Others, however, are convinced that this quantitative leap, eliminating the time problem, inaugurates a new qualitative phase in historical research.
Whatever one’s opinions, it is for certain that historians, whether they use quantitative or qualitative methods, are given new opportunities and tools for searching larger datasets than ever before in the humanities. This also means that they are confronted with new problems, and challenges connected to the digitalization of data.
To explore these possibilities and problems WAHSP targets the exploration of a massive data set: eight million pages from daily newspapers in the Netherlands. Digitalization makes it in principle possible to do a quantitative analysis of these data, without resorting to a sample or backbone study. Theoretically, all relevant data can be included in such an analysis, without problems of perceptual bias or dependency on indexations done by other researchers. It also makes the reproducibility of the analysis in practice feasible.
There are however significant practical problems in developing a method for such an analysis. There are technical problems, for instance connected to the quality of the original data (here the newspapers), of their scans, and of sign recognition. And there are methodological problems, connected to the impossibility of actually checking all research results by physical means. How can one construct a method that does not make the historian dependent on the automated systems he or she uses, but assists the historian’s imagination and intuition?
There is of course software available for the text mining of large datasets that can be tailored to the needs of historians, for instance software used by intelligence services or marketing companies. At the moment this software is only commercially available and not particular user-friendly as it requires quite some computer programming expertise.
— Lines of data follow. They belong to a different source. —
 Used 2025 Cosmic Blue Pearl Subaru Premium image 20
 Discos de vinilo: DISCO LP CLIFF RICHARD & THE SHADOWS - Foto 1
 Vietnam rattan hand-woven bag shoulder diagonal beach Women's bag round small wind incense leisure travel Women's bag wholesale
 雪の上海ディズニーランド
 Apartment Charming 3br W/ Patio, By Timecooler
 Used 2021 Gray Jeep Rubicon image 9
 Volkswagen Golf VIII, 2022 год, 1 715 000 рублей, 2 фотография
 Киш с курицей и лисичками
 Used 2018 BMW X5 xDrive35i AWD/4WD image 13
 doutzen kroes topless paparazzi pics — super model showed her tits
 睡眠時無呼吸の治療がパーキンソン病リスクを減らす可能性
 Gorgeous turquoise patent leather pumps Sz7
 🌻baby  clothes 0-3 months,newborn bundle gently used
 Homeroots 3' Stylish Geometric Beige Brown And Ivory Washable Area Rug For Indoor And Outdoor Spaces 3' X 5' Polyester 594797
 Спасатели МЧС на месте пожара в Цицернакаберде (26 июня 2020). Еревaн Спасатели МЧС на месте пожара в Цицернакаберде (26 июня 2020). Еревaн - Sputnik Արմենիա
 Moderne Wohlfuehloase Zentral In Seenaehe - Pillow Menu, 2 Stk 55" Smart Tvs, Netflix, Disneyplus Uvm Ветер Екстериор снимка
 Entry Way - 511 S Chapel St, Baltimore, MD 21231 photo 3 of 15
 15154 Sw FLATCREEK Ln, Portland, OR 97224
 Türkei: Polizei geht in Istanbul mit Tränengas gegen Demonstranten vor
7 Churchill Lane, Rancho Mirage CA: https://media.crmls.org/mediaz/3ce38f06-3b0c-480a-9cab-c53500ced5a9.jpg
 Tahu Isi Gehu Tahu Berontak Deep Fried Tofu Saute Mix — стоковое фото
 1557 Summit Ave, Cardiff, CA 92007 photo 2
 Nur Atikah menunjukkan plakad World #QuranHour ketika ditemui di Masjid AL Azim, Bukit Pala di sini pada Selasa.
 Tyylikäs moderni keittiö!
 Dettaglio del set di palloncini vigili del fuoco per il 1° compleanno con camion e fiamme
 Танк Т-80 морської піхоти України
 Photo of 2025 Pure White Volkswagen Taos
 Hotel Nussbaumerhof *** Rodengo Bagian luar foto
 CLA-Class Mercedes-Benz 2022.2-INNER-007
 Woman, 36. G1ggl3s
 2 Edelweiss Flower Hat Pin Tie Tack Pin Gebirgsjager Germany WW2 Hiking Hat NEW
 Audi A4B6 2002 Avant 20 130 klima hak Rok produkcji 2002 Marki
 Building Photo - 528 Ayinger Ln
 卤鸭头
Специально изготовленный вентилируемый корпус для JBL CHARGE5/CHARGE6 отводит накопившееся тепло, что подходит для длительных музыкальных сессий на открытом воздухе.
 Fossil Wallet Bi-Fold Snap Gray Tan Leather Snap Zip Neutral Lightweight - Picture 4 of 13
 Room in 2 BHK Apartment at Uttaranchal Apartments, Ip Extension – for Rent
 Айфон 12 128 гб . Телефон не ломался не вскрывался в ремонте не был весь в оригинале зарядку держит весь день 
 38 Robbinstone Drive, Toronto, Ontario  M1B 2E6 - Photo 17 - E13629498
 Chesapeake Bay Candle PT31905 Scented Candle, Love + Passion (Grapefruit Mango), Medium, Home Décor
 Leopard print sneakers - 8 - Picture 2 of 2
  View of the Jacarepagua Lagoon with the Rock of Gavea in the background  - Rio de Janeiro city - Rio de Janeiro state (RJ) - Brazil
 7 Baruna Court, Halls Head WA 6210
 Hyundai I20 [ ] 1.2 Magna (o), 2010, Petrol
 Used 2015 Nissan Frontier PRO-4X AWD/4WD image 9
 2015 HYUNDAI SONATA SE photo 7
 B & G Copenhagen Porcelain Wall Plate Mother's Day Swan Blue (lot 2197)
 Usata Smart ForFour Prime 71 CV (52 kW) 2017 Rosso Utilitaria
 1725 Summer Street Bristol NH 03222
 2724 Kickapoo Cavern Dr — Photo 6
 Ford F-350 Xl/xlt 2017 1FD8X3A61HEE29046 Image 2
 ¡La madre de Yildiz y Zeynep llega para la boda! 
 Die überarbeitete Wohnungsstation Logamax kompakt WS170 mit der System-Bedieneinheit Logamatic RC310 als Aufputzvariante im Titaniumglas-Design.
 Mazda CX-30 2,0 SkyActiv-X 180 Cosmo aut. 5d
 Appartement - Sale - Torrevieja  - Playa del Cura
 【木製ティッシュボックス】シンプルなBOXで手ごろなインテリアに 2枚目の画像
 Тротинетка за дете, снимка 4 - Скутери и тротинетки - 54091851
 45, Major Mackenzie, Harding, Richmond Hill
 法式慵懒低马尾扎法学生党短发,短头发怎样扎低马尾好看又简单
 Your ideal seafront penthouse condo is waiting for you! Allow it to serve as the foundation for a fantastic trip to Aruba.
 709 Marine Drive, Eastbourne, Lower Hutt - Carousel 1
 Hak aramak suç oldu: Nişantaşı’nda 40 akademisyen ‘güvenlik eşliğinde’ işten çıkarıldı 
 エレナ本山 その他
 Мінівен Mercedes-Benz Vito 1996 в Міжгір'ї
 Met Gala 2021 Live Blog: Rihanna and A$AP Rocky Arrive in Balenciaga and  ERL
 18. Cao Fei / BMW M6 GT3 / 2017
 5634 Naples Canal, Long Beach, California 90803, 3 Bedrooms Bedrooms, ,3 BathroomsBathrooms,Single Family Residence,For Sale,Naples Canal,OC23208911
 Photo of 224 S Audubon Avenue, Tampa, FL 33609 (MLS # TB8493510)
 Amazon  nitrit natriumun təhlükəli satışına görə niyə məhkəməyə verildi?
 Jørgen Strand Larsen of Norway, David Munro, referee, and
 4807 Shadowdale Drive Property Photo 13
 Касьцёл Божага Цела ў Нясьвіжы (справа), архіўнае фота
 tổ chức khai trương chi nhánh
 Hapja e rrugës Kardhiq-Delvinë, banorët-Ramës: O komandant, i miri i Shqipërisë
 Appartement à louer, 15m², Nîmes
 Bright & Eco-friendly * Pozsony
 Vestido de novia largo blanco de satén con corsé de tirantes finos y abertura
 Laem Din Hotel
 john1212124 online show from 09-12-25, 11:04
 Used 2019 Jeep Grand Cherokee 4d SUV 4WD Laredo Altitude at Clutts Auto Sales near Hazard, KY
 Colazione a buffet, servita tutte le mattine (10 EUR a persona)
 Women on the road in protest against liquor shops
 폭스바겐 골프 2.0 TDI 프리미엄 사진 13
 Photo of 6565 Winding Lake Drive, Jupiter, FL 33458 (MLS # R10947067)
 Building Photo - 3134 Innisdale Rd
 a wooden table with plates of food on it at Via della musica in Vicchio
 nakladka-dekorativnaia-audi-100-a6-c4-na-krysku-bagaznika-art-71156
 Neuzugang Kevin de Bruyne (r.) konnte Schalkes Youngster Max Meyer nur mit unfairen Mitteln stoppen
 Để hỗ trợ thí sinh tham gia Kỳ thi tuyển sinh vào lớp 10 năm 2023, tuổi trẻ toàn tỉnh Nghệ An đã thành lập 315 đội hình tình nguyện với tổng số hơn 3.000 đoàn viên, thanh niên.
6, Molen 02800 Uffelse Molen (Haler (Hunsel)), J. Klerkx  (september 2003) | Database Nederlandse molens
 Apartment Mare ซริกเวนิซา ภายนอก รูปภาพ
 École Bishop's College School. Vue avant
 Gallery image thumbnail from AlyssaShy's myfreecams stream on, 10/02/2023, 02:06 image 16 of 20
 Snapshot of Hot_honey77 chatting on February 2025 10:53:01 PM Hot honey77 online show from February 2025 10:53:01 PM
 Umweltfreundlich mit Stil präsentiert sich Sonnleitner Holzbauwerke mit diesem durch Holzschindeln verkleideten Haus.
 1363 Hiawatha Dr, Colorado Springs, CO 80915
WAHSP will develop a user-friendly and interactive open source application for the text mining of historical data, working from the perspective and problems of historical methodology: for instance, by trying to take into account dynamic linguistic changes over time. A historian, Stephen Snelders (firstname.lastname@example.org), and a computer scientist, Daan Odijk (email@example.com), collaborate closely in constructing this application. Starting with the data set and specific historical questions about the development of public sentiments around drugs in the Netherlands between 1900 and 1945, the application is constructed and tested.
WAHSP is a collaborative project of the Descartes Centre for the History and Philosophy of the Sciences and the Humanities at Utrecht University and the Informatics Institute of the University of Amsterdam. Also involved are the Royal Library of the Netherlands and the Huygens Institute for Dutch History in The Hague. Project leader is Professor Toine Pieters (Descartes Centre; firstname.lastname@example.org).